Sensex plunges below 10,000 pts

Melting stock prices today pulled down the Bombay Stock Exchange benchmark Sensex below the 10,000 points level for the first time in over two years, as funds remained aggressive sellers.
The 30-share index, which opened higher by 205 points, tumbled by 582.76 points to 9,998.73 in pre-close trading, a level last seen in June 2006.
The wide-based National Stock Exchange index Nifty, which gained 66.65 points at the initial stage, plunged by 196.35 points, or 6 per cent at 3,072.95 points at the same time.
All the sectoral indices, led by realty sector were ruling in the red with steep falls, dragging the Sensex down.

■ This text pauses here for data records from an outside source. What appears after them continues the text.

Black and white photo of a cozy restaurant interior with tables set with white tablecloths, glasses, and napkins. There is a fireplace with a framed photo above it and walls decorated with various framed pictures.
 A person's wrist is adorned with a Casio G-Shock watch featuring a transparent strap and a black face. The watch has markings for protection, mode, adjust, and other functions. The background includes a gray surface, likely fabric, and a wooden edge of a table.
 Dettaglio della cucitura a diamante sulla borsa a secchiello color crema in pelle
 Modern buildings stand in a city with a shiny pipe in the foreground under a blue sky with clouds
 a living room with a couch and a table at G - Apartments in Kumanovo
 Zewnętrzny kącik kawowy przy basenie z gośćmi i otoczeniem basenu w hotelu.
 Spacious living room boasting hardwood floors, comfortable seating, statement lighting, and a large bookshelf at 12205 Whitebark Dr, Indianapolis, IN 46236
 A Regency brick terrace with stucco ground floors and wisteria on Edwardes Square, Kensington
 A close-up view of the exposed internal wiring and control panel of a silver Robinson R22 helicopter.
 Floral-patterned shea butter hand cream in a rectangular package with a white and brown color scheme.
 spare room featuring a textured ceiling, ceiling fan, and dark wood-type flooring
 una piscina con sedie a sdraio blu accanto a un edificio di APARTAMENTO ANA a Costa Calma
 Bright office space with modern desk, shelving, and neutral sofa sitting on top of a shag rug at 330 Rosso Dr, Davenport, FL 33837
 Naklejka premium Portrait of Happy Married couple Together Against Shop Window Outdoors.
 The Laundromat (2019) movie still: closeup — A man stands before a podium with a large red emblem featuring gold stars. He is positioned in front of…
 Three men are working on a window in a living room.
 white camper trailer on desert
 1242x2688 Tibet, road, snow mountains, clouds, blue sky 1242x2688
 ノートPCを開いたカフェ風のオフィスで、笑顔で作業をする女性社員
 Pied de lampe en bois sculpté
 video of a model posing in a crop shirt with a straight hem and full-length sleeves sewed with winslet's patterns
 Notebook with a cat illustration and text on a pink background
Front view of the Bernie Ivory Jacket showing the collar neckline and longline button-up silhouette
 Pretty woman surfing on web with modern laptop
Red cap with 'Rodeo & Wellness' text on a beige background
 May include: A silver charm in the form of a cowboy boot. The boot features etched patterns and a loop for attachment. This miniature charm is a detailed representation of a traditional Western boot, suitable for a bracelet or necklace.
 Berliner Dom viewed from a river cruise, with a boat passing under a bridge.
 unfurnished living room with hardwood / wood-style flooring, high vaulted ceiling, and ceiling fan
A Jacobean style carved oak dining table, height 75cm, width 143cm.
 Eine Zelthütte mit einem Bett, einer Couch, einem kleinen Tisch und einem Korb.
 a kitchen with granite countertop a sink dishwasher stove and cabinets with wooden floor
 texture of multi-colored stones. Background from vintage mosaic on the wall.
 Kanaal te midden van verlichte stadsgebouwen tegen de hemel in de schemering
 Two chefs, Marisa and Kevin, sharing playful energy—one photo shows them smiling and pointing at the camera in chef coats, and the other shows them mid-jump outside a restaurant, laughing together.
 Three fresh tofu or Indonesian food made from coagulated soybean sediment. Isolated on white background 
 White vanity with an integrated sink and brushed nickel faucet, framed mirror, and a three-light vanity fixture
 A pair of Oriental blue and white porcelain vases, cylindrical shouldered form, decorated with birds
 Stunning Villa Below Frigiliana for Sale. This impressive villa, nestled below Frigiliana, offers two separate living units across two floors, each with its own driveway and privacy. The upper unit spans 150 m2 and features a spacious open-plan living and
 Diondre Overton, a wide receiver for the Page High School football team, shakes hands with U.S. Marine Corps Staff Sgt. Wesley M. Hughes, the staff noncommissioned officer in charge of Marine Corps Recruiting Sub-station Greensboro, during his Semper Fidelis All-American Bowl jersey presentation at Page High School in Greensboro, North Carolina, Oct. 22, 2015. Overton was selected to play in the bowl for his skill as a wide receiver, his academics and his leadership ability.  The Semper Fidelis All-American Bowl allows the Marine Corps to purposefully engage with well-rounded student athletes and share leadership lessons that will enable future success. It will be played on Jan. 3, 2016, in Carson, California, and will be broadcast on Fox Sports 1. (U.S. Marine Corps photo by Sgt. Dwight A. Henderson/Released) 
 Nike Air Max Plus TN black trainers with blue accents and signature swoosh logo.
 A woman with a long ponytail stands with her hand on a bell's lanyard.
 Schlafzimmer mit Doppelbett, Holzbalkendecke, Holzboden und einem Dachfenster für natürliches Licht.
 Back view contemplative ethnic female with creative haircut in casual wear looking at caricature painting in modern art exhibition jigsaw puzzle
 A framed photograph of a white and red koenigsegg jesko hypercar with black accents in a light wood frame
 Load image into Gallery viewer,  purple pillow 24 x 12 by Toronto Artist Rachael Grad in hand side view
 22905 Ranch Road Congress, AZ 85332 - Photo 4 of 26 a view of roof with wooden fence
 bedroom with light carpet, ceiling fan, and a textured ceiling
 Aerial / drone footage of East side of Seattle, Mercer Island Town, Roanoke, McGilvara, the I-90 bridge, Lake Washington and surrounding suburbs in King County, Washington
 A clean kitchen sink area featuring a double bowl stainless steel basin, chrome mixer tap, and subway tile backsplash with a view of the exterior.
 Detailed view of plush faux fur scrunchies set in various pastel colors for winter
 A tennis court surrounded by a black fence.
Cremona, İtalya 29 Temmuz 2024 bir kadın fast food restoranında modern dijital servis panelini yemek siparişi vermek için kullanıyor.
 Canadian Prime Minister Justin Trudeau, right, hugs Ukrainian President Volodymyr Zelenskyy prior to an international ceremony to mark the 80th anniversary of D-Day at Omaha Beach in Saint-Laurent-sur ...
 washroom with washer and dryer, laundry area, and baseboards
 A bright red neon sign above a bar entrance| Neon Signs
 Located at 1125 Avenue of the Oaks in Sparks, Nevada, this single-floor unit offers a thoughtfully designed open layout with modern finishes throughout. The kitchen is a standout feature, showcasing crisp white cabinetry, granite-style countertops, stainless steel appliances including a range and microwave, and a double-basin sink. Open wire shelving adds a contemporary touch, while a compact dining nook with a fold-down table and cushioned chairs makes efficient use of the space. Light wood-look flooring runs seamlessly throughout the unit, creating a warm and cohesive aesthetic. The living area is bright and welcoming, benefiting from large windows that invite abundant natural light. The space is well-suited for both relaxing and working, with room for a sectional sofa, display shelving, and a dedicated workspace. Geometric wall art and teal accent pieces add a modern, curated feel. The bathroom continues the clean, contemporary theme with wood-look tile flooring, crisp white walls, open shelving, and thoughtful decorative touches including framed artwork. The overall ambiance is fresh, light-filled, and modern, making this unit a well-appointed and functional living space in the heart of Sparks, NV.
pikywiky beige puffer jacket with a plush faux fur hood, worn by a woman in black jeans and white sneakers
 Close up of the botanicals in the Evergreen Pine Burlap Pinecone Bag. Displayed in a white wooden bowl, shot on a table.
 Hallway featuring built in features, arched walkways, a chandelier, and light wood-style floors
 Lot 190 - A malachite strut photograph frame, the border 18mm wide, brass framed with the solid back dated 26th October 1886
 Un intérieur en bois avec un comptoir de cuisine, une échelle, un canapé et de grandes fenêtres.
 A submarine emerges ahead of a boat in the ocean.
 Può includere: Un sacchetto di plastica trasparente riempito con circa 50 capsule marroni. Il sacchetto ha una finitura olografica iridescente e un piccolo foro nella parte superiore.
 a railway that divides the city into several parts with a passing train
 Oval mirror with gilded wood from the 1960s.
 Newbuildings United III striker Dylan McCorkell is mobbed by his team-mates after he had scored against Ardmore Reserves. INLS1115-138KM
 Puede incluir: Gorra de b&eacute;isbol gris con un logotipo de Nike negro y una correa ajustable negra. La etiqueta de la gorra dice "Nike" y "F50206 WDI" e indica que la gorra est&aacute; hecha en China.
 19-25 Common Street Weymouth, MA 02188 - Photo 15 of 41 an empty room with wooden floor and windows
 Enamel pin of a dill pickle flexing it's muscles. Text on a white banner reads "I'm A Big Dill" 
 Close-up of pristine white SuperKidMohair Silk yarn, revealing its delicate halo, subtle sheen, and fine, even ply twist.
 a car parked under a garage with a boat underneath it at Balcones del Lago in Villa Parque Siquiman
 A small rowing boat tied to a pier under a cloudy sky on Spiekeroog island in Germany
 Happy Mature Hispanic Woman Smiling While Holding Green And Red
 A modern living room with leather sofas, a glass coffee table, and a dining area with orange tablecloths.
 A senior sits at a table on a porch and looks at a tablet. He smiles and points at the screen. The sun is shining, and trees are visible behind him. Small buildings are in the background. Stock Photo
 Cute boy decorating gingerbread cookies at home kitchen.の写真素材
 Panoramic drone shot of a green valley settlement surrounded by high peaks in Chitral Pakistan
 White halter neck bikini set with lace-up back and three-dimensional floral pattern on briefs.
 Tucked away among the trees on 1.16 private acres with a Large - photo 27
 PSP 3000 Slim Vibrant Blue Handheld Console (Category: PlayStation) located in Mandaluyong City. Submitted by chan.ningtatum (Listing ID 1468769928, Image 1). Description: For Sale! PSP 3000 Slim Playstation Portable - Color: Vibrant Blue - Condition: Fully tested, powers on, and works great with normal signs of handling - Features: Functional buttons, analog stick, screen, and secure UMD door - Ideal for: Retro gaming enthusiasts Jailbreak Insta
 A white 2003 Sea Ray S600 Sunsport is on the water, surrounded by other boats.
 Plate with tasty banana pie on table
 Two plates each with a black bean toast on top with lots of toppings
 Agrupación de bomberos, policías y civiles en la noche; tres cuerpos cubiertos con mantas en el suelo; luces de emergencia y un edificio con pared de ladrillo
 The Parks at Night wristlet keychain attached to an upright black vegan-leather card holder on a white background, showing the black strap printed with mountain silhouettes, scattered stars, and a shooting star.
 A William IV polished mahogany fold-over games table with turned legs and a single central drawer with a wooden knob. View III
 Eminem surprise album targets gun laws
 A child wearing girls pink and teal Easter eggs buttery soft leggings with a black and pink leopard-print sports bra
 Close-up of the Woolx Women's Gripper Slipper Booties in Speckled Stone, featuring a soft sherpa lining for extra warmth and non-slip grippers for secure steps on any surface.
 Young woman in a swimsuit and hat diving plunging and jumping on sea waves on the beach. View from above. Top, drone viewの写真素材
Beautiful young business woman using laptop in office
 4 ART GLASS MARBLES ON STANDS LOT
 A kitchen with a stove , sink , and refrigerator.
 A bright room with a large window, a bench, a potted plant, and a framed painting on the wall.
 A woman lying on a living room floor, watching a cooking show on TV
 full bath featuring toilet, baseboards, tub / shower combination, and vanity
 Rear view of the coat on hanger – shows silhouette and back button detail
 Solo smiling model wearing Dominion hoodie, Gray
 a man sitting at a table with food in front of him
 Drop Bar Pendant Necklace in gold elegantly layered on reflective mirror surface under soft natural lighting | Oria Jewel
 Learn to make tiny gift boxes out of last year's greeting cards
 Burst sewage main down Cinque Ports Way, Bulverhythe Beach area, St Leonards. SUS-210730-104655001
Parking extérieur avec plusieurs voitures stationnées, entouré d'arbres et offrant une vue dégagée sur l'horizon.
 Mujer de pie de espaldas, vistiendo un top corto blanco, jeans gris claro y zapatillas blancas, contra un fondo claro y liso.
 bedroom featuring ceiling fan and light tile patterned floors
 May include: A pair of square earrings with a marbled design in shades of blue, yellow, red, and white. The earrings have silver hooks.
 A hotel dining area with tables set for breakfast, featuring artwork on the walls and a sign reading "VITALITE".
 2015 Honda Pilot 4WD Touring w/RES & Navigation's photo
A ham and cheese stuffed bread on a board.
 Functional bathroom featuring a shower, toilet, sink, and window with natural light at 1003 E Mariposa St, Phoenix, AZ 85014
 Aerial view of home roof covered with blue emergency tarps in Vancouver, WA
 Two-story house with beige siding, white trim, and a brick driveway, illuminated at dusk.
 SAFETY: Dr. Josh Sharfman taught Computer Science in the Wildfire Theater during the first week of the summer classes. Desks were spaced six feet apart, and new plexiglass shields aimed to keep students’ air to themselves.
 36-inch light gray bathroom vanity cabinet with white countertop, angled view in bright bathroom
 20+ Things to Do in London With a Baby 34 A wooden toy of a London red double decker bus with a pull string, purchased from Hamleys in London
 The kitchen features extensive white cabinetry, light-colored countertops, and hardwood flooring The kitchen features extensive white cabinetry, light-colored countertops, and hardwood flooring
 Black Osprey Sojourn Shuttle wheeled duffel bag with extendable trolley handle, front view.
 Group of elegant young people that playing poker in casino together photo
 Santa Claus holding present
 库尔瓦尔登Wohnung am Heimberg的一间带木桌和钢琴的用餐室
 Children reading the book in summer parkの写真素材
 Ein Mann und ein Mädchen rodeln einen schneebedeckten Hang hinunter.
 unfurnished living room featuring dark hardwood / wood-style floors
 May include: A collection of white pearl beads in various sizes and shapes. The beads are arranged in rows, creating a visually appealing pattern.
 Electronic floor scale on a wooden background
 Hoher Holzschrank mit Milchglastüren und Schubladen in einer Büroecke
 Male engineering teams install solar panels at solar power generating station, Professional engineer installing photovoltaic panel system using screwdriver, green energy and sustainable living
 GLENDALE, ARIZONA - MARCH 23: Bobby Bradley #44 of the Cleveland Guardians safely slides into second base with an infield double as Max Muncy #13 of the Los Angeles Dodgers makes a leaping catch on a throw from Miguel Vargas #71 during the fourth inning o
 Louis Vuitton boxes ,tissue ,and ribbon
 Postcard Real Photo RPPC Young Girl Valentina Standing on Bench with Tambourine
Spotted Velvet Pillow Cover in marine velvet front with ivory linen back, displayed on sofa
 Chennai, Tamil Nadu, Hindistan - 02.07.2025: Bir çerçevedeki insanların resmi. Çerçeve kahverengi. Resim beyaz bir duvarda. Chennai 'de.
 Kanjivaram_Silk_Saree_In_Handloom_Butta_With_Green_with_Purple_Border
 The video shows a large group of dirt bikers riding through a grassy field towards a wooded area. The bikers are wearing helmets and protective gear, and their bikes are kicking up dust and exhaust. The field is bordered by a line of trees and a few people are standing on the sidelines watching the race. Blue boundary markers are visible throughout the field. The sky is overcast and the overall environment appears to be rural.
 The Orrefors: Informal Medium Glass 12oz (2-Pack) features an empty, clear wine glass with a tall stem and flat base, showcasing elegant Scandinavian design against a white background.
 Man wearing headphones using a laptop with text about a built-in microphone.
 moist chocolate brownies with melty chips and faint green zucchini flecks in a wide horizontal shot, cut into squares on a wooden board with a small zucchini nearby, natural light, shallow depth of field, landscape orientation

With negative economic news flowing continuously across the global markets, bears geared themselves for fresh spell of selling. Despite Europe opening on firm note following a rally in the US markets, it failed to lift investor sentiments as persistent selling by foreign investors is a major concern for the markets.
World economies are deteriorating, unemployment is rising and corporate worldwide are posting weak results, sketching an extremely gloomy picture of the global economy. “Investors are extremely worried as the future looks uncertain and present wobbly,” said a dealer with a large broking firm.
CLSA has reduced India’s GDP growth outlook to 6.5 per cent in view of considerable decline in the IIP data for last couple of months.
Authorities across the world are trying their best to restore confidence in the global markets by infusing money and cutting interest rates. However, players are so uncomfortable that they are taking each opportunity to pile up cash on concerns the credit expansion will fail to stem the crisis and may not avert the approaching recession.
The depth of the current financial crisis is unknown partly because most financial institutions don’t disclose they are in trouble until after the fact, a Purdue University expert says. “The question we don’t know is how deep the recession will be and low long it will last,” says Sugato Chakravarty, a professor and head of the Department of Consumer Sciences and Retailing.
The global credit crisis is intensifying, and enough damage has been done to the global economy which ensures the next couple of quarters will be much weaker. The pendulum has swung sharply to the downside risks to growth rather than inflation.
US industrial output fell 6 percent in the third quarter, the most since 1991, and a factory index for the Philadelphia region hit an 18-year low this month. Reuters/Jefferies CRB Index tumbled 3.2 per cent on Thursday as the demand for the commodities declined.
On domestic front, India’s Index of Industrial growth in August slipped to a 10-year low at 1.3% compared to 10.9% in the year-ago period. However, India’s inflation has cooled off to 11.44 per cent in the 12 months to Oct 4, below the previous week’s annual rise of 11.80 percent.
“The worst is not yet over. Given the awful US industrial output data the recessionary fears are getting dense. Though India’s inflation cooled off from previous week, it still running in double digits and also the IIP data was pathetic. The overall trend looks bearish which will have direct impact on the markets,” said Rohan Kanse, analyst at Flexion Capital Management.
“The 3100 level has now become vital for the Nifty. If we breach the 3100 support and close below that level in the near term, then the next support is seen at 2900 and then directly at 2600 level. Intraday, Nifty support is seen at 3120,” said Sharath Jha analyst at Global One.